As the General Assembly prepares to convene its 2012 session, there will be enormous pressure to change school funding and MOE laws. The education advocates linked above will seek tougher funding standards and harsher penalties on counties — seeking to isolate school funding as remaining outside the consideration of overall county budget cutbacks. Counties will note that isolation and protection of school funding — larger than the entire rest of the county budget put together — places undue burdens on other local services and employees. A wide range of substantive and technical school funding issues are likely to arise before the General Assembly.

MACo has adopted its own legislative initiative on the matter:

School Board Fiscal Accountability and Process Reforms – Recent years’ struggles over school funding have highlighted county difficulties in managing public school expenses. These difficulties have resulted in differences over budget submissions, employee actions, and Maintenance of Effort (MOE). Counties do not seek any governance over curriculum or programmatic functions of delivering education, but do seek a stronger partnership in guiding these investments of public funds. The range of approaches includes the equitable treatment of school/county personnel, improvements to the maintenance of effort calculation and waiver process, governance and disclosure of outside reserve funds, reasonable refinements to the school budget process, clearer categorical budget classifications, and determination of non-recurring costs. Enhancing these laws and relationships could leverage more accountability and responsiveness within the largest element of every county’s budget.

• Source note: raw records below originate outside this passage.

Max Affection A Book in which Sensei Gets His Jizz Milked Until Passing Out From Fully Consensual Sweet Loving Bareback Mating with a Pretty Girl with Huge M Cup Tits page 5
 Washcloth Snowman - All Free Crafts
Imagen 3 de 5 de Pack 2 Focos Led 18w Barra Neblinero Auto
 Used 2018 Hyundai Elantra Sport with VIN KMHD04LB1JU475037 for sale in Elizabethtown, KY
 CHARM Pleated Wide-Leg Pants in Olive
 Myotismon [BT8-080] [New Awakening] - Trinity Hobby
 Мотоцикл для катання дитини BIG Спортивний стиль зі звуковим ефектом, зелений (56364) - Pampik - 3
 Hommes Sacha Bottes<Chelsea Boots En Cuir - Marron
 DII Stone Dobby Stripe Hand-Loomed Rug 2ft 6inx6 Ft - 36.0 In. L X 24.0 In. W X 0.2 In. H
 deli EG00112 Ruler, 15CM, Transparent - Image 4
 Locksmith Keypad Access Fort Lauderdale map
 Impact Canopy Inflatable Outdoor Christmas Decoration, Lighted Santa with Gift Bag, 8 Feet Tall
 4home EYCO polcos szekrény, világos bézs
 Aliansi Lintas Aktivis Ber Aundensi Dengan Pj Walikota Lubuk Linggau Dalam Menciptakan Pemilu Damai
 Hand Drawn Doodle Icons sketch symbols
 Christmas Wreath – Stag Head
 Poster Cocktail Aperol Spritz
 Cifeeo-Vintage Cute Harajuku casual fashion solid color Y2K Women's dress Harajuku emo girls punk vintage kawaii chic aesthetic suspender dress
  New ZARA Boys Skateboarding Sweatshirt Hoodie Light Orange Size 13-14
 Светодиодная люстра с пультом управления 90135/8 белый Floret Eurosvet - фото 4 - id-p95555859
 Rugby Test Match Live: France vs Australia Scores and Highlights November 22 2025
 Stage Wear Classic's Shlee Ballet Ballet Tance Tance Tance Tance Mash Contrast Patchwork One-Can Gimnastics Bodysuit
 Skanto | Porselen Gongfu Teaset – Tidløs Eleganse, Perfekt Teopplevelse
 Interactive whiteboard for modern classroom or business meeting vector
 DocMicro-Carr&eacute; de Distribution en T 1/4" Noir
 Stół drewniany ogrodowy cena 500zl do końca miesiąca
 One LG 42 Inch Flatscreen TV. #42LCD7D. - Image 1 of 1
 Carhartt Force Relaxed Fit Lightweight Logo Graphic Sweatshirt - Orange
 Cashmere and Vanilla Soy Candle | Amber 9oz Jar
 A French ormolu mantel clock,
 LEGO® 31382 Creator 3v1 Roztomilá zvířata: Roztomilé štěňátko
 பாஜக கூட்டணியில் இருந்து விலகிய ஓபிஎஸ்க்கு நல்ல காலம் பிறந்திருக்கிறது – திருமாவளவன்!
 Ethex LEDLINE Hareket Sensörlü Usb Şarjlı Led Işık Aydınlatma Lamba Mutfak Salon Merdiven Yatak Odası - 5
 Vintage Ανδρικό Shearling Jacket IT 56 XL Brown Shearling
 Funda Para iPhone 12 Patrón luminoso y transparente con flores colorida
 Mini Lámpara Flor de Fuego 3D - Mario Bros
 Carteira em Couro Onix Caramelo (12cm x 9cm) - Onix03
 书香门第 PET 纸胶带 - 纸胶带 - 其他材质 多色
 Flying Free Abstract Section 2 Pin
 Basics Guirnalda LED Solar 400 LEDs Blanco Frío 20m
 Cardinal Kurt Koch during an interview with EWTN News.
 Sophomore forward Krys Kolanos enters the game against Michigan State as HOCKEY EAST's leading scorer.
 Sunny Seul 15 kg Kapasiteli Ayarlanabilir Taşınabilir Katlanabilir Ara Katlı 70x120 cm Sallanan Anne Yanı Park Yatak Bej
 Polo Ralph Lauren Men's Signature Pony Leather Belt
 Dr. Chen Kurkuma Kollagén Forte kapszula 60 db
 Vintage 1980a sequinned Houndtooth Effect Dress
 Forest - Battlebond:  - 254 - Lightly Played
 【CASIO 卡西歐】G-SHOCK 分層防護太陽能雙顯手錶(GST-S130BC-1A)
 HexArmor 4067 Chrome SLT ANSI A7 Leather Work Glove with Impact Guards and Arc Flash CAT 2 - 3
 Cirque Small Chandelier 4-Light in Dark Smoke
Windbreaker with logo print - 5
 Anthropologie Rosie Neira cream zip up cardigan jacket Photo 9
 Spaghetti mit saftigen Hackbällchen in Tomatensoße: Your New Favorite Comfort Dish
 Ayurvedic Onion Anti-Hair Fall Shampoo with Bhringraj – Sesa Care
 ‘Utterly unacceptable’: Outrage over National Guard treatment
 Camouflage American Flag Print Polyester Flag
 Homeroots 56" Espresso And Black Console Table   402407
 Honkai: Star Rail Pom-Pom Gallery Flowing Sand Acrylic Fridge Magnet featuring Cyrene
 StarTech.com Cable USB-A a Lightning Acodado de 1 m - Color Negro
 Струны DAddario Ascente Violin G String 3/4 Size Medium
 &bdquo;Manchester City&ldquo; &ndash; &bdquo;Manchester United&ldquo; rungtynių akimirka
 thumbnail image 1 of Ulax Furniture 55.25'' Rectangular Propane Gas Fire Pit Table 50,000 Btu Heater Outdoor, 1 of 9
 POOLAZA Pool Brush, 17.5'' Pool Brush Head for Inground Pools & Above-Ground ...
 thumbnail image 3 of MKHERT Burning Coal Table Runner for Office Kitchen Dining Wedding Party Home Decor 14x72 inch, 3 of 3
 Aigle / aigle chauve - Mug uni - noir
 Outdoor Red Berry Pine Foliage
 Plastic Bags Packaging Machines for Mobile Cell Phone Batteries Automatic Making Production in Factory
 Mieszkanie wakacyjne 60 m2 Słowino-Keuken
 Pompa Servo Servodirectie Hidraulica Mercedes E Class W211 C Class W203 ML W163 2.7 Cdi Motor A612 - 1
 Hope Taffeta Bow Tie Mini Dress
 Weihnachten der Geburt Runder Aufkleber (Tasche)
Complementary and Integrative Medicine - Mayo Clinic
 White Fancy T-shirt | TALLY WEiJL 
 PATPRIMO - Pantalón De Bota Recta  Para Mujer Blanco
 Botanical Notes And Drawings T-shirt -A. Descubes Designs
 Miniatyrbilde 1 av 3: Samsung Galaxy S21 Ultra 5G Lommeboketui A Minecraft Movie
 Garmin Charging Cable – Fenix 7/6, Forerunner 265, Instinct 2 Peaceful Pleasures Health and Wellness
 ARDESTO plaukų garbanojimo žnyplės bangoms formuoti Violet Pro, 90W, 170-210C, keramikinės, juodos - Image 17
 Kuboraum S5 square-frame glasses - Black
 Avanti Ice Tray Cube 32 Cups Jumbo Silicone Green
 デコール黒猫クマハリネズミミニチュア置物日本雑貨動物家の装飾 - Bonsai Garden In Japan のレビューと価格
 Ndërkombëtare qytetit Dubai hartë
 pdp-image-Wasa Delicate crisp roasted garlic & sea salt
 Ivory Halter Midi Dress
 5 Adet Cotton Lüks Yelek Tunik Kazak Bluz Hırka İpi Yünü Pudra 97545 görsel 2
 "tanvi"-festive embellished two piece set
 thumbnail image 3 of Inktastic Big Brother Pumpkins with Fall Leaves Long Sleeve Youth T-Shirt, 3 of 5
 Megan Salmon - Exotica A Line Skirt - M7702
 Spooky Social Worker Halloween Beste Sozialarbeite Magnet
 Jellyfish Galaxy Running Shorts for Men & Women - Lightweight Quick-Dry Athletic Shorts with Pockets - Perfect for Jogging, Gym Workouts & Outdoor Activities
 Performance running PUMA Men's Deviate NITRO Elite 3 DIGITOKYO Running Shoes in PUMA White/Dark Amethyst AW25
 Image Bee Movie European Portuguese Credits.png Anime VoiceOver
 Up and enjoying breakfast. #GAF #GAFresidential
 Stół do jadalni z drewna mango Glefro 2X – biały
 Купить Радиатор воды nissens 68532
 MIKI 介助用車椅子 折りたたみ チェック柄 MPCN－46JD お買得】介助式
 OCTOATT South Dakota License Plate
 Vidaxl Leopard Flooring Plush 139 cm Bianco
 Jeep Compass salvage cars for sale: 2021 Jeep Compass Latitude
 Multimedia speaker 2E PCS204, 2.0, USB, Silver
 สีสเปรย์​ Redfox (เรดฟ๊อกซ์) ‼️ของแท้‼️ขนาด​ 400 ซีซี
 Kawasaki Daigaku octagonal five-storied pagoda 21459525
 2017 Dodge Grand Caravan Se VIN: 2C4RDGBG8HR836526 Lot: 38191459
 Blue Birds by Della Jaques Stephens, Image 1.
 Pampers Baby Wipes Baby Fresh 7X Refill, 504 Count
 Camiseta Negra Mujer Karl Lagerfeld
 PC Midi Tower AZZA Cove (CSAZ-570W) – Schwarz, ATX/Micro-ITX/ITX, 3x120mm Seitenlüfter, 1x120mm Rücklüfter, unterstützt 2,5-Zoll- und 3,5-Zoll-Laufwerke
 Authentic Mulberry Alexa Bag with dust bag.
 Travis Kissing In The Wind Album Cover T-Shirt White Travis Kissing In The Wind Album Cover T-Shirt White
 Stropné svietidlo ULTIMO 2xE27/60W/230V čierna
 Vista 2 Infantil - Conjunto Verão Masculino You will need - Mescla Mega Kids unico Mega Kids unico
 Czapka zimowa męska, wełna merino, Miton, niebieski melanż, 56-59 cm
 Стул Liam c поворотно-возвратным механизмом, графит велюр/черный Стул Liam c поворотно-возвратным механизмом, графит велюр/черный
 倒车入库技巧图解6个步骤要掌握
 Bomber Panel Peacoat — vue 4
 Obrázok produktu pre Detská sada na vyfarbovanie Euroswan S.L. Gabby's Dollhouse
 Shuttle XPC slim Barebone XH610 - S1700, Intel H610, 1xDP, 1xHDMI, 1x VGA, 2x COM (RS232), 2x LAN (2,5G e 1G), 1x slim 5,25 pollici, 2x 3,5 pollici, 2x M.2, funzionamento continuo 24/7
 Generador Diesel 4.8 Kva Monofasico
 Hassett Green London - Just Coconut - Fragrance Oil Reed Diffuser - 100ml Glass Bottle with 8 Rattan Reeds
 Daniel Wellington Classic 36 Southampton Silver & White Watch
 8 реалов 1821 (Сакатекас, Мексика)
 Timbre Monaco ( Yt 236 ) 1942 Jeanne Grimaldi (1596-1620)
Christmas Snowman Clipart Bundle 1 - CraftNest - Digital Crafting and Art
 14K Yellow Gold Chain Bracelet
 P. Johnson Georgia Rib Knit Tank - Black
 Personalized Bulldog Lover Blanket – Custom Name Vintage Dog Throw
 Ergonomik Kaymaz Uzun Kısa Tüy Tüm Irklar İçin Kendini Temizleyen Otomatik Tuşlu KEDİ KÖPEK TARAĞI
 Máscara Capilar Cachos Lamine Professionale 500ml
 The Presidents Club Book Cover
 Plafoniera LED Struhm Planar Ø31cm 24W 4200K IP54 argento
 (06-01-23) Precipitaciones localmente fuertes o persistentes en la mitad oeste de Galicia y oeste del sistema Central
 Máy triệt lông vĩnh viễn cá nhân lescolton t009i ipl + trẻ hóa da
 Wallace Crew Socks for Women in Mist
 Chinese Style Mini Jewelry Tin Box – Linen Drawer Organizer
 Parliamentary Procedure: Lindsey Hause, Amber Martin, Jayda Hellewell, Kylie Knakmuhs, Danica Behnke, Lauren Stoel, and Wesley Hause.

MACo has been advocating for a more sensible MOE waiver process for the last two sessions, and will now expend this effort to address the wider range of accountability and management concerns raised by these increasingly difficult budget times. Counties fear that without meaningful reform to both MOE and these budget accountability matters, the years ahead will see a damaging “chilling effect” as counties become reluctant to fund in excess of the MOE target, for fear of creating unsustainable future requirements. If the General Assembly chooses to create tougher standards and harsher penalties on counties, this may be a very negative (though unintended) result affecting future school funding decisions.

Michael Sanderson

Executive Director Maryland Association of Counties

This Post Has 5 Comments

  1. RC Bates

    It should be noted that local governments have paid for ALL of the increase in State aid for K-12 education. Between FY09 and FY12, State aid for K-12 education increased by $184 million. Direct aid to local governments declined over the same period by $372 million. The State has effectively cut the non-education parts of local budgets to fund the State share of school funding, and the counties must then cut those same budgets again to fund the county portion of school funding.